Ansprechend präsentierte Bleiwüste
Das vierköpfige Redaktionsteam hat ein feines Gespür für Themen: Es besteht aus Frank Augustin, Alicja Karkoszka, Wolfram Bernhardt und Nazim Cetin, der gleichzeitig der Herausgeber des Magazins ist. Gemeinsam wollen sie zeigen, wie viele Querverbindungen zwischen Ökonomie und Philosophie im Alltag bestehen. Die Grundannahmen, die auch Fachfremden einen Zugang zum jeweils aktuellen Themenfeld des Magazins ermöglichen sollen, werden vorweg im Einstiegsteil des Magazins erklärt. Mit ihrem Magazin wollen sie komplexe Sachverhalte nicht unnötig zugunsten von Schlagzeilenproduktion reduzieren, betont das Team, deswegen gibt es zur ansprechend präsentierten Bleiwüste ein lesefreundliches Layout.
Allein auf die Substanz ihres Konzepts vertrauend gründete das junge Quartett im vergangenen Jahr das Magazin Agora42. Trotz des viel gefürchteten „Magazinsterbens“ und der Wirtschaftskrise, beginnt das Team auf einem der größten und härtest umkämpften Zeitungsmärkte der Welt, über philosophische und makroökonomische Themen zu schreiben. Sie sind der Ansicht, die Welt sei komplex und werde nicht von RTL dargestellt, deswegen richtet sich das Team mit ihrem Magazin an alle, die die Welt verstehen wollen. Gefährlich finden sie es, dass die Frage danach, wie der Mensch der Ökonomie am meisten nutzen könne, so zentral geworden sei. Ökonomie werde vorschnell als Gegenthese oder gar Keule herausgeholt, um andere Theorien auszuhebeln und ihren Deutungsansprüchen das Wasser abzugraben. Wahnsinn? – Nein. Die Redaktion ist erfolgreich, und zwar in Deutschland, ein Land, in dem 90 Prozent der Haushalte kein Zeitungsabonnement besitzen.
Viertes Magazin für Wirtschaftsethik
Im Magazin finden sich nur wenige Werbeanzeigen.
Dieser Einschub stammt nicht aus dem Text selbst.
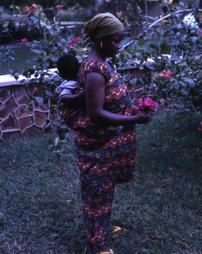 Woman picking flowers with child on her back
Vielen potentiellen Werbekunden seien die Inhalte von Agora42 zu kritisch, deswegen laute ihr Urteil meist: nicht werbetauglich, so die Redaktion. Neben Vorreitern wie dem Glocalist Magazine und der Zeitschrift für Wirtschafts- und Unternehmensethik (zfwu) ist Agora42 das vierte Magazin für Wirtschaftsethik, das auf dem deutschen Markt erhältlich ist. Gefördert, etwa durch Stiftungen, wird das Printmedium bisher nicht. Die Zeitschrift der DESA GmbH, erscheint bundesweit mit einer Auflage von 10.000 Stück. Wer ein Faible für die zeitlosen großen Fragen hat und sich ihre Alltagsrelevanz im Konkreten näher bringen lassen möchte, kann das Magazin, das im zweimonatigen Rhythmus erscheint, für 7,90 Euro erwerben. Für Studierende gibt es die Möglichkeit, ein ermäßigtes Abo zu bekommen.